Data Science for Research: Challenges & Process
Yet just because Startup Genome was born out of the digital age and doesn’t need to fight an uphill battle to instill a data-driven culture doesn’t mean their work is without challenges – for example:
Digging for data: The nature of the business is that structured, readily available datasets don’t necessarily exist (in fact, this is the case at least 30 percent of the time for Startup Genome). That means they spend quite a bit of time digging for the data they need.
You don’t know what you don’t know: On top of digging for data they know they need, Startup Genome also faces a unique challenge – finding unique, potentially relevant datasets that could ultimately produce interesting analysis.
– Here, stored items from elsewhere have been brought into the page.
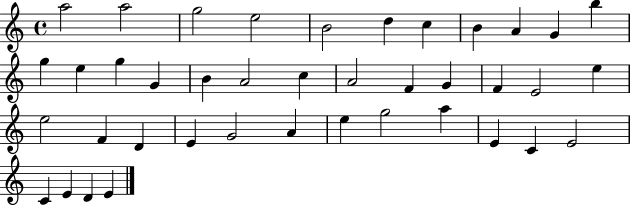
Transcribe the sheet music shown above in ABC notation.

X:1
T:Untitled
M:4/4
L:1/4
K:C
a2 a2 g2 e2 B2 d c B A G b g e g G B A2 c A2 F G F E2 e e2 F D E G2 A e g2 a E C E2 C E D E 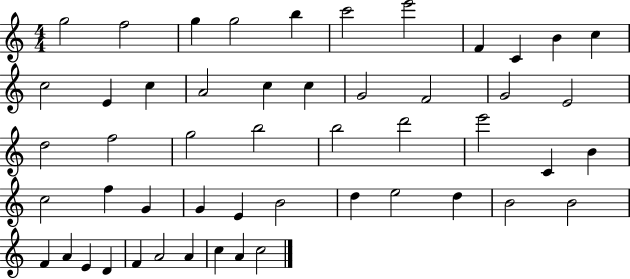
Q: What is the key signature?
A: C major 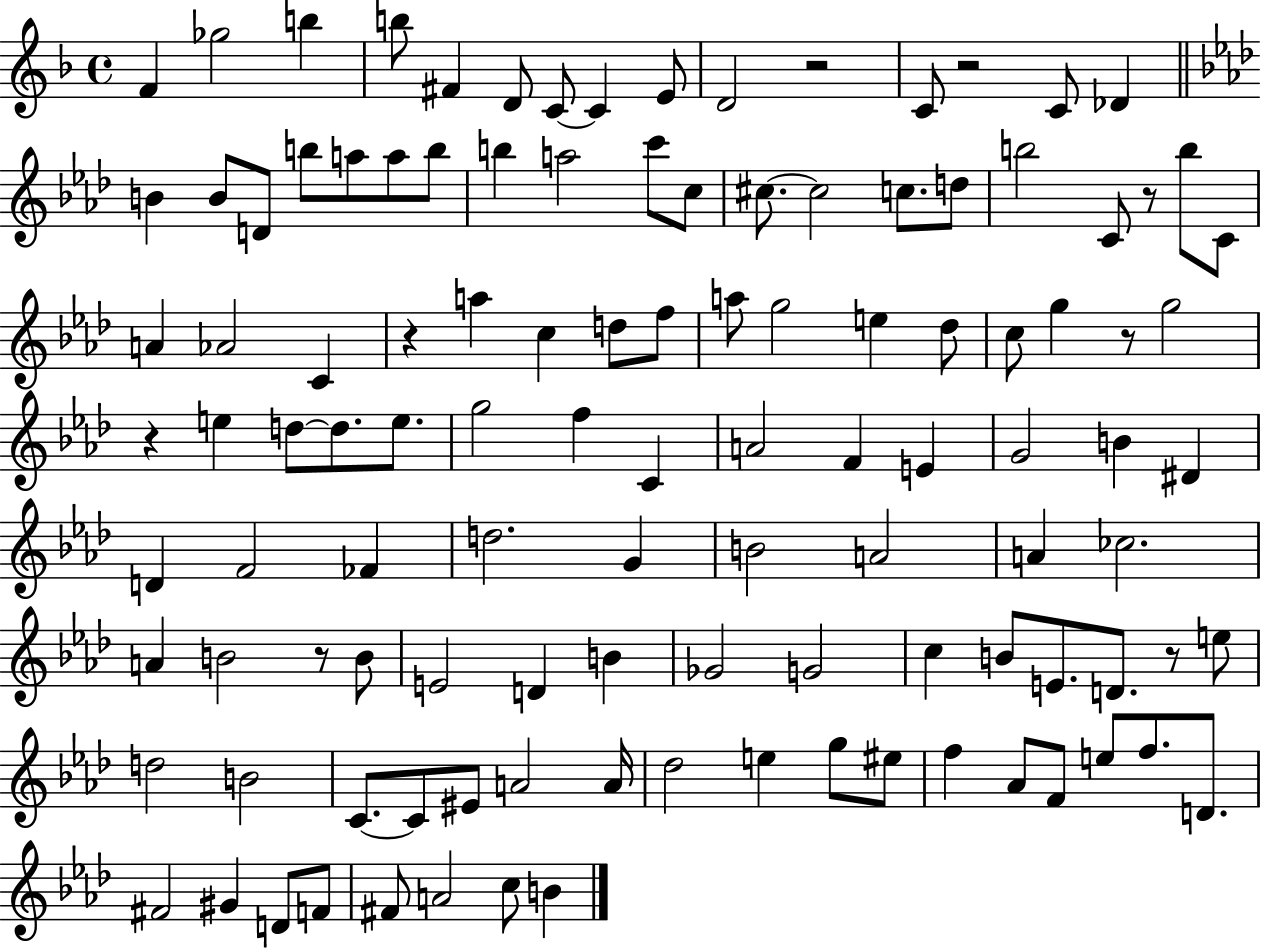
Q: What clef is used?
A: treble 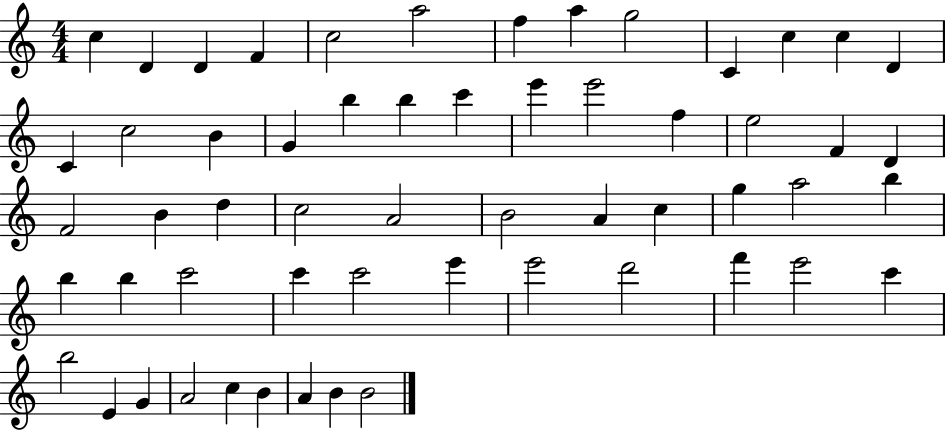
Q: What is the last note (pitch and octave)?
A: B4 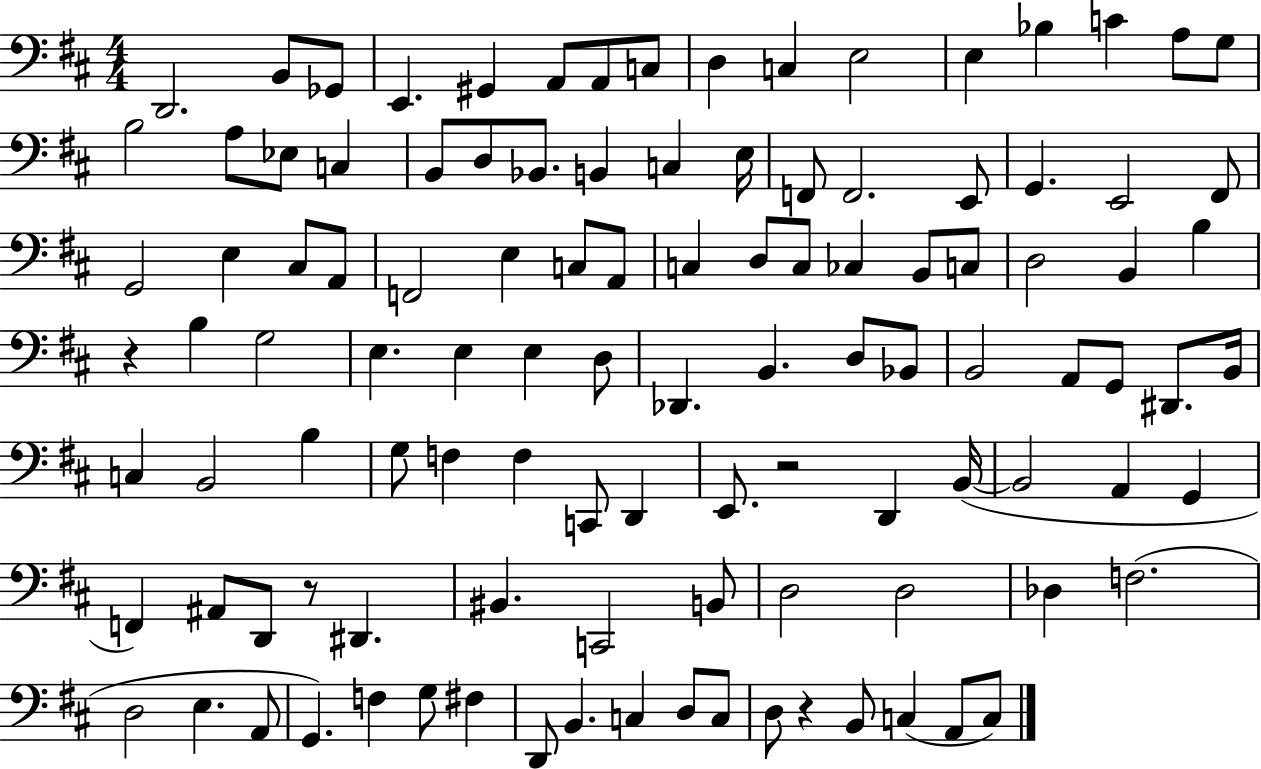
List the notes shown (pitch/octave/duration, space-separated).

D2/h. B2/e Gb2/e E2/q. G#2/q A2/e A2/e C3/e D3/q C3/q E3/h E3/q Bb3/q C4/q A3/e G3/e B3/h A3/e Eb3/e C3/q B2/e D3/e Bb2/e. B2/q C3/q E3/s F2/e F2/h. E2/e G2/q. E2/h F#2/e G2/h E3/q C#3/e A2/e F2/h E3/q C3/e A2/e C3/q D3/e C3/e CES3/q B2/e C3/e D3/h B2/q B3/q R/q B3/q G3/h E3/q. E3/q E3/q D3/e Db2/q. B2/q. D3/e Bb2/e B2/h A2/e G2/e D#2/e. B2/s C3/q B2/h B3/q G3/e F3/q F3/q C2/e D2/q E2/e. R/h D2/q B2/s B2/h A2/q G2/q F2/q A#2/e D2/e R/e D#2/q. BIS2/q. C2/h B2/e D3/h D3/h Db3/q F3/h. D3/h E3/q. A2/e G2/q. F3/q G3/e F#3/q D2/e B2/q. C3/q D3/e C3/e D3/e R/q B2/e C3/q A2/e C3/e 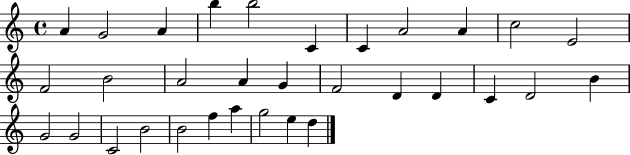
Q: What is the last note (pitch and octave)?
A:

Filling in the blanks: When they do find data, it’s often incomplete. That means they have to put data through a set of business rules in order to fill out the missing data. For example, the first step might be to manually hunt for any missing data, and the second might be to create a standard estimation of the missing data.
Consider the Context: When doing data analysis, the team at Startup Genome has to minimize bias and be able to consider the context of their data in order to truly draw meaning from it. For example, if there is data on how many engineers are graduating in a region, they need to be able to determine how it is relevant and whether there is a correlation between that data and startups. Maybe in some cities, there are lots of graduates, but not a lot of startups. But in context, that doesn’t necessarily mean there isn’t a correlation but could be because those cities don’t provide the resources and support for recent graduates to work in startups.